Evolvability is defined as the capacity of a system for adaptive evolution. Evolvability is the ability of a population of organisms to not merely generate genetic diversity, but to generate adaptive genetic diversity, and thereby evolve through natural selection.[1][2][3]

In order for a biological organism to evolve by natural selection, there must be a certain minimum probability that new, heritable variants are beneficial. Random mutations, unless they occur in DNA sequences with no function, are expected to be mostly detrimental. Beneficial mutations are always rare, but if they are too rare, then adaptation cannot occur. Early failed efforts to evolve computer programs by random mutation and selection[4] showed that evolvability is not a given, but depends on the representation of the program as a data structure, because this determines how changes in the program map to changes in its behavior.[5] Analogously, the evolvability of organisms depends on their genotype–phenotype map.[6][7][8] This means that genomes are structured in ways that make beneficial changes more likely. This has been taken as evidence that evolution has created fitter populations of organisms that are better able to evolve.

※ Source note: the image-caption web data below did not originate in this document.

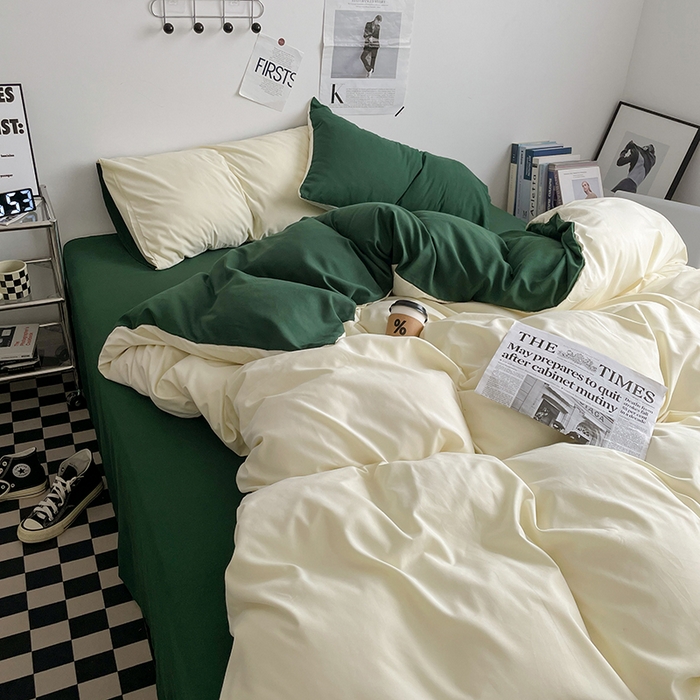 91家纺网 家纺一手货源 找家纺 优尚佳生活馆 2025新款无印风亲肤磨毛四件套-纯色 豆绿牛乳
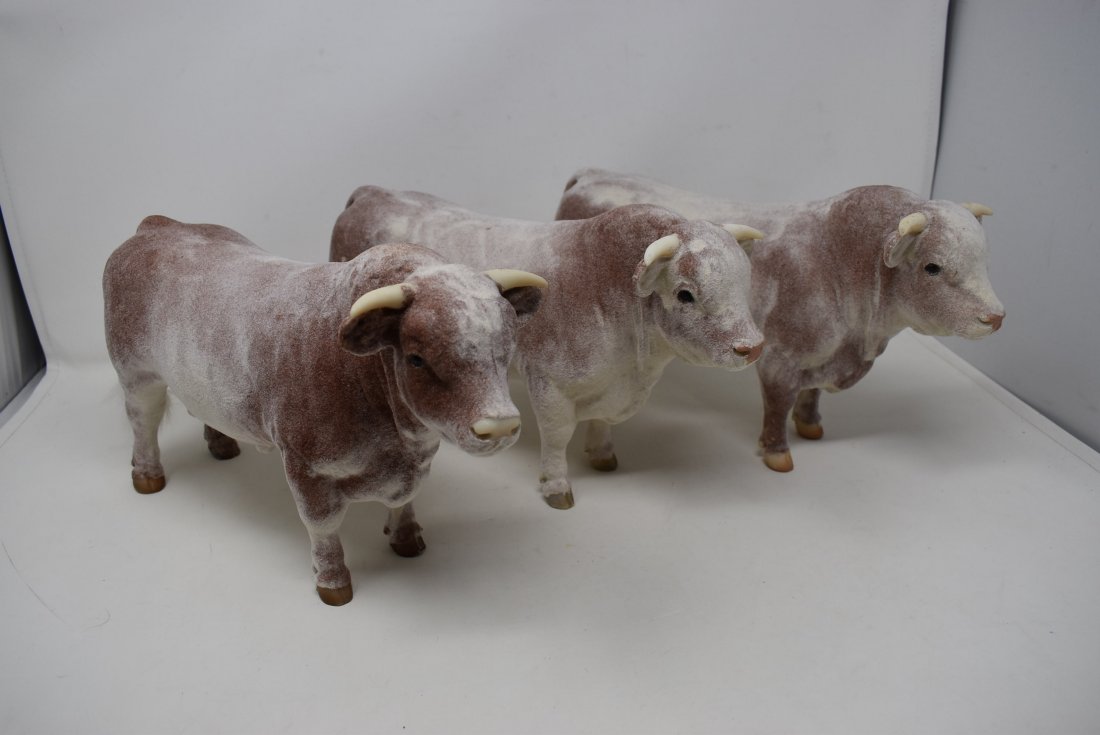 Lot of 3 Breyer Flocked Bulls: A Lot of 3 Large Breyer Flocked Bulls, measuring 12" long.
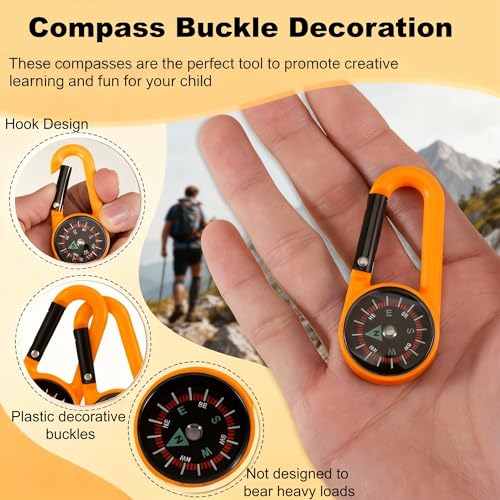 10 Stück Outdoor Kinder Kompass mit Karabinerhaken,Karabiner Haken Minikompaß,Karabinerhaken Mini Kompaß Anhänger,Multifunktionaler Tragbarer Kompass Schlüsselanhänger für Wandern Camping Bergsteigen
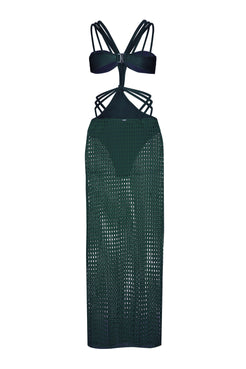 VESTIDO LONGO TIRAS LYCRA STRIPS VERDE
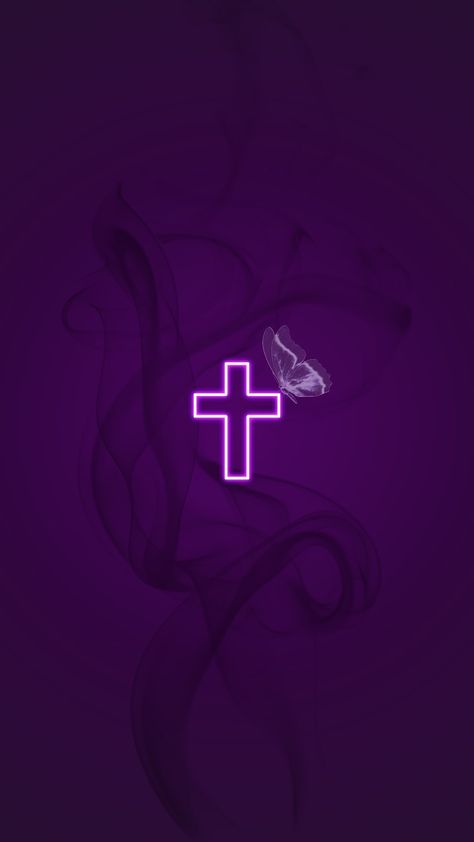 Neon Wallpaper Purple Aesthetic, Christian Wallpaper Iphone Aesthetic Purple, Light Purple Background Wallpapers, Purple Cross Aesthetic, Dark Purple Christian Wallpaper, Christian Backgrounds Purple, Purple God Wallpapers, Purple Aesthetic Christian Wallpaper, Neon Cross Wallpaper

  1. ^ Colegrave N, Collins S (May 2008). "Experimental evolution: experimental evolution and evolvability". Heredity. 100 (5): 464–70. doi:10.1038/sj.hdy.6801095. PMID 18212804.
  2. ^ Kirschner M, Gerhart J (July 1998). "Evolvability". Proceedings of the National Academy of Sciences of the United States of America. 95 (15): 8420–7. Bibcode:1998PNAS...95.8420K. doi:10.1073/pnas.95.15.8420. PMC 33871. PMID 9671692.
  3. ^ Altenberg L (1995). "Genome growth and the evolution of the genotype–phenotype map". Evolution and Biocomputation. Lecture Notes in Computer Science. Vol. 899. pp. 205–259. CiteSeerX 10.1.1.493.6534. doi:10.1007/3-540-59046-3_11. ISBN 978-3-540-59046-0.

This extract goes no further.